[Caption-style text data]

········

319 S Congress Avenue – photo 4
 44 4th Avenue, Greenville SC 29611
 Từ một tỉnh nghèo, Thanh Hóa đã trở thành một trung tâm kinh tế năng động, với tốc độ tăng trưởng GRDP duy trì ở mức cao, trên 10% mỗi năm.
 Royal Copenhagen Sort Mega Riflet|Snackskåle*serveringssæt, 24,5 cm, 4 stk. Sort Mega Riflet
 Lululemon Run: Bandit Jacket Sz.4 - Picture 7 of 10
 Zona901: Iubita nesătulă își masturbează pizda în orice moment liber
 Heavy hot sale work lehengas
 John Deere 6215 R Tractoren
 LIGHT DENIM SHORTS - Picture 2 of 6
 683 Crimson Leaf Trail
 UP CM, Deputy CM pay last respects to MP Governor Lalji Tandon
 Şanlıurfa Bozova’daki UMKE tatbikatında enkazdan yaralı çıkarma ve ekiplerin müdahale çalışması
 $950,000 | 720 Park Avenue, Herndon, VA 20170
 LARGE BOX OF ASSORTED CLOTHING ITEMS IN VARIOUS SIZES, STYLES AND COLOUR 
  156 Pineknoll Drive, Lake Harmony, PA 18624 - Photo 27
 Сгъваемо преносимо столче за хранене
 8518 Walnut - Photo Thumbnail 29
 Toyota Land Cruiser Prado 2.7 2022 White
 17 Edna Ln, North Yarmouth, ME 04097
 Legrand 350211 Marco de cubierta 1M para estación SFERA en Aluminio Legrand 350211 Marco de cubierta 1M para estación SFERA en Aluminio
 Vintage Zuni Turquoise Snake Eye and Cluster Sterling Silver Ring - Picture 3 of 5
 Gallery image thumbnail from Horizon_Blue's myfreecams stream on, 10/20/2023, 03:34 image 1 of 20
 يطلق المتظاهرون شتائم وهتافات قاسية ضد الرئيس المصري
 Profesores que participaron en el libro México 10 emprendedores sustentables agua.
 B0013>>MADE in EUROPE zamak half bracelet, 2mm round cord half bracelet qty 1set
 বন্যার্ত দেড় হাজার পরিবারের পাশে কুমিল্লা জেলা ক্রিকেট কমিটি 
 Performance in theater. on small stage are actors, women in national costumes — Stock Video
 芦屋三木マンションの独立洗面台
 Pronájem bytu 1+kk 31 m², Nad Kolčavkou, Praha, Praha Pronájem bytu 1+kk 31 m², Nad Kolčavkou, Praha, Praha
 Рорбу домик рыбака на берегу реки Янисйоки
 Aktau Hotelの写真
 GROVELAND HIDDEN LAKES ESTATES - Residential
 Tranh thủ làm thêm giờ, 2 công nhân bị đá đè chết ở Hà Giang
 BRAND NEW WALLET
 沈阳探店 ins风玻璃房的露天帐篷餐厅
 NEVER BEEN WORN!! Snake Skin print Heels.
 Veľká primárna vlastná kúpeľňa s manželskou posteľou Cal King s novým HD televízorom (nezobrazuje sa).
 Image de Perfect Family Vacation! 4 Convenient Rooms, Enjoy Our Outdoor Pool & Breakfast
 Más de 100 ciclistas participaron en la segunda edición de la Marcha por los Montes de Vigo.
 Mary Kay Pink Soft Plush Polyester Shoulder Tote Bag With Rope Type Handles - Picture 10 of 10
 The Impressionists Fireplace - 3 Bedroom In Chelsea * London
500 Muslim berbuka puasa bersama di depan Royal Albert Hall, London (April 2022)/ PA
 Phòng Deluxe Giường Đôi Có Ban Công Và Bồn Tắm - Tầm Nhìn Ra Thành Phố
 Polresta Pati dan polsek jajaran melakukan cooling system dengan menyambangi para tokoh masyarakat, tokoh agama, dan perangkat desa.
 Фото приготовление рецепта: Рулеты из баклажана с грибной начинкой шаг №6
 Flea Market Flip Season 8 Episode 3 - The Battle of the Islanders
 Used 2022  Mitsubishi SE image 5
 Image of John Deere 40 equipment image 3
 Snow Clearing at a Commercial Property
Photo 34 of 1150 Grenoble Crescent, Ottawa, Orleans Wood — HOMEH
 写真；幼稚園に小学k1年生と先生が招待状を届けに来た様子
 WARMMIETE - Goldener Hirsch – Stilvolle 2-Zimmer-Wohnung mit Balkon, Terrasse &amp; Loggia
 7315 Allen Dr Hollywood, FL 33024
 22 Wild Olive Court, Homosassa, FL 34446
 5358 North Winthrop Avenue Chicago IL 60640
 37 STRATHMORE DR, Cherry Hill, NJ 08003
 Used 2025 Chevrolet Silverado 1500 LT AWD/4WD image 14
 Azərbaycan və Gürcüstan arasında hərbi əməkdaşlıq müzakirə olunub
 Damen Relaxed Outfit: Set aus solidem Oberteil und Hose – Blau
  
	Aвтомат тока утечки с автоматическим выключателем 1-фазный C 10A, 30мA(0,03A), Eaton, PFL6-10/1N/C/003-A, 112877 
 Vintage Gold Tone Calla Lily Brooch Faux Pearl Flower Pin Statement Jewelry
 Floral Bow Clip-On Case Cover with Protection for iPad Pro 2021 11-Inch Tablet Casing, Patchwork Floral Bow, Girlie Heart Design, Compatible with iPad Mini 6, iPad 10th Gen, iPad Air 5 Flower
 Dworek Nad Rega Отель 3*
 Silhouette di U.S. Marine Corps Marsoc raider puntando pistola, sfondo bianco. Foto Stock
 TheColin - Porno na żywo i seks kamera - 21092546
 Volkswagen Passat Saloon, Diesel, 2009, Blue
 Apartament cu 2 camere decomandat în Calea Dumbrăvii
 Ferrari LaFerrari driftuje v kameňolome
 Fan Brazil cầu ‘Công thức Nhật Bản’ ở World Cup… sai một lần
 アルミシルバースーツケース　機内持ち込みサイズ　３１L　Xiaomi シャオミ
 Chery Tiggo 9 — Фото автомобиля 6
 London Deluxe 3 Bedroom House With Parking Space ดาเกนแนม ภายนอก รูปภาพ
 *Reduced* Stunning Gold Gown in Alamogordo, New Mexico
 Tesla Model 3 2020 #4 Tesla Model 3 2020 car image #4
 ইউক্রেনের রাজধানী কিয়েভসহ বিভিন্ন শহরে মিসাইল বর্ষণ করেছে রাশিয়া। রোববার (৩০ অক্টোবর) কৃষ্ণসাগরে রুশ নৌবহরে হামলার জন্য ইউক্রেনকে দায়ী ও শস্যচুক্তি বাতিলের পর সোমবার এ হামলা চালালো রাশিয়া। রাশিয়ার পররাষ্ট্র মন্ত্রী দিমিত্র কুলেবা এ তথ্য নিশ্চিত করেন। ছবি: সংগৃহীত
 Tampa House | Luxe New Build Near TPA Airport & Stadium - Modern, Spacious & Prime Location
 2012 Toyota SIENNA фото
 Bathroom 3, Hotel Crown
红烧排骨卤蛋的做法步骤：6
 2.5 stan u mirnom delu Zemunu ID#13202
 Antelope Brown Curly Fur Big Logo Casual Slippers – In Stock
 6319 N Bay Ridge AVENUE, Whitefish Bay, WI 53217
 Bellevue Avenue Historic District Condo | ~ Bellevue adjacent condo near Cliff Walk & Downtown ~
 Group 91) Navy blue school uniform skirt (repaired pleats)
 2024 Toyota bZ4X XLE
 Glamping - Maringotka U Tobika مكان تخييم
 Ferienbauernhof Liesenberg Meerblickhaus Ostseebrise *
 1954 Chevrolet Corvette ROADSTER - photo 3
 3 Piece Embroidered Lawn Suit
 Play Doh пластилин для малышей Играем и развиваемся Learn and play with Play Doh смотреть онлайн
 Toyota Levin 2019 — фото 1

········

▶ THE TASK
Your output should consist solely of the lines from the beginning of the entries through the line containing "Từ một tỉnh", reproduced exactly.

▶ ANSWER TO THE PROBLEM
319 S Congress Avenue – photo 4
 44 4th Avenue, Greenville SC 29611
 Từ một tỉnh nghèo, Thanh Hóa đã trở thành một trung tâm kinh tế năng động, với tốc độ tăng trưởng GRDP duy trì ở mức cao, trên 10% mỗi năm.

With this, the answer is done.